Activity.
Reproduce the entries shown below only from the line with "Burgundy Velvet Lace" down to the line with "Fostoria CHINTZ Elegant", keeping both end lines and copying each one exactly.

** Opening The records block **

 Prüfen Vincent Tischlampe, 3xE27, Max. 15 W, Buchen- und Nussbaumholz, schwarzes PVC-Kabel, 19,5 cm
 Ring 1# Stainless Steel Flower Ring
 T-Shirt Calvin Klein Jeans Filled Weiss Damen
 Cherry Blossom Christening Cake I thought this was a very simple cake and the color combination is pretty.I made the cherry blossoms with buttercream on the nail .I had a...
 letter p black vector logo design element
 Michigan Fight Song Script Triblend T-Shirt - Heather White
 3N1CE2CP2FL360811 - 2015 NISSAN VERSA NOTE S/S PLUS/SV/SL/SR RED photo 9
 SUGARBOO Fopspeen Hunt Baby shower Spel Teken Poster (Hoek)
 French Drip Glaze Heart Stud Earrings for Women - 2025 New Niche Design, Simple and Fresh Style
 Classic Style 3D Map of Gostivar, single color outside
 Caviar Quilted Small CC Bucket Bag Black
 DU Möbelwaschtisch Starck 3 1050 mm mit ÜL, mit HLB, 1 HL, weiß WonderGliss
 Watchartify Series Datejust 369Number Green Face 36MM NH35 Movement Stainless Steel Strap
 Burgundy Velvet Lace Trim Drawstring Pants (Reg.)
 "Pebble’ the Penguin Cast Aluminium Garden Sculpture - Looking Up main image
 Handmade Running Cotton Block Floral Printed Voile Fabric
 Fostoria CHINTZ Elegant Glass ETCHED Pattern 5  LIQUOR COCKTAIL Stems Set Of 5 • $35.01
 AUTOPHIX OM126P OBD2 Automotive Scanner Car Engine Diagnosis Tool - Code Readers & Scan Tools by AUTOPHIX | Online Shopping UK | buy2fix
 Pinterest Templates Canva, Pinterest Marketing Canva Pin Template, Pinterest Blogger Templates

** Closing The records block **

Your response.
 Burgundy Velvet Lace Trim Drawstring Pants (Reg.)
 "Pebble’ the Penguin Cast Aluminium Garden Sculpture - Looking Up main image
 Handmade Running Cotton Block Floral Printed Voile Fabric
 Fostoria CHINTZ Elegant Glass ETCHED Pattern 5  LIQUOR COCKTAIL Stems Set Of 5 • $35.01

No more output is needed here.